La ministra dell’Istruzione Lucia Azzolina contesta la scelta di riaprire negozi e piste da sci – non ancora cosa fatta, ma tra le ipotesi attualmente in campo – e continuare invece con la didattica a distanza alle superiori.
Il Corriere della Sera racconta un retroscena di qualche giorno fa, dopo una riunione incandescente a Palazzo Chigi, andata avanti fino a notte fonda.
Alle 2 del mattino, la ministra Azzolina fa pesare tutto il suo malcontento, al netto del sollievo per i contagi in diminuzione.
“Ovviamente sono contenta anche io perché la curva si sta appiattendo – avrebbe detto la ministra – ma c’è una cosa che non capisco.
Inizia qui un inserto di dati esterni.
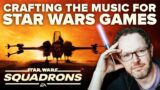 How The Music In Star Wars Video Games Is Uniquely Different | Soundscape ft. Gordy Haab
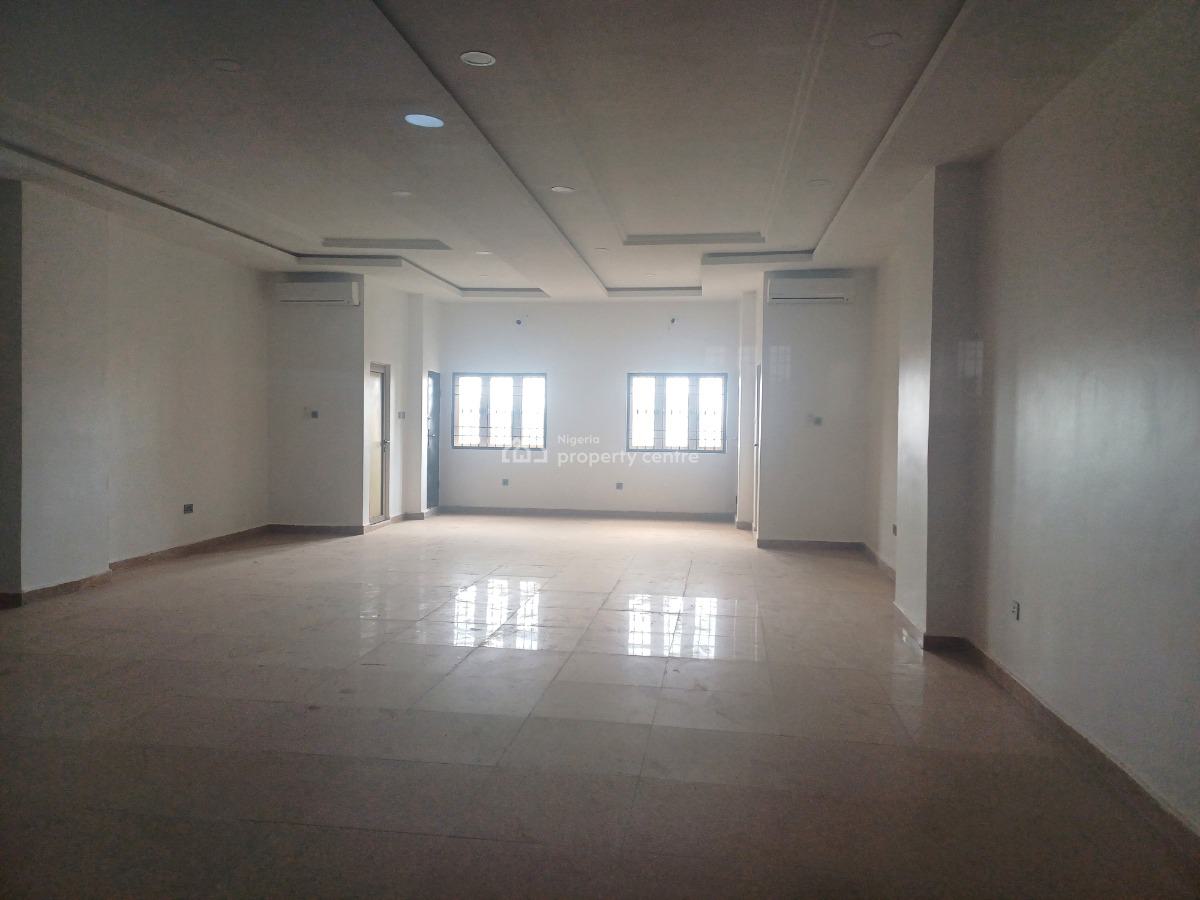 84sqm Shop / Office Space on The First Floor, Mabushi, Abuja, Office Space for Rent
Percepisco una grande euforia, vi sento parlare di aprire i negozi, i ristoranti, le piste da sci… Ma nessuno di voi ha qualcosa da dire sulla scuola? Davvero pensate che con il Dpcm del 3 dicembre si possa riaprire tutto, lasciando chiusi i licei?”.
Silenzio quasi completo. Pare che solo la ministra delle Pari opportunità Elena Bonetti le abbia dato ragione. Il pensiero dominante sembra essere quello della necessità dell’attesa e della gradualità, vista la pressione sul sistema sanitario.
A tenere una linea attendista è, in primis, il ministro della Salute Roberto Speranza, da sempre per la durezza e la prudenza: per la ripresa delle lezioni in presenza si è parlato di gennaio, subito dopo le festività. Questa sarebbe l’ipotesi per il nuovo dpcm di Natale, che dovrà sostituire quello attuale, in scadenza il 3 dicembre. Ma per Speranza bisognerà valutare a quel punto, in base alla curva epidemiologica.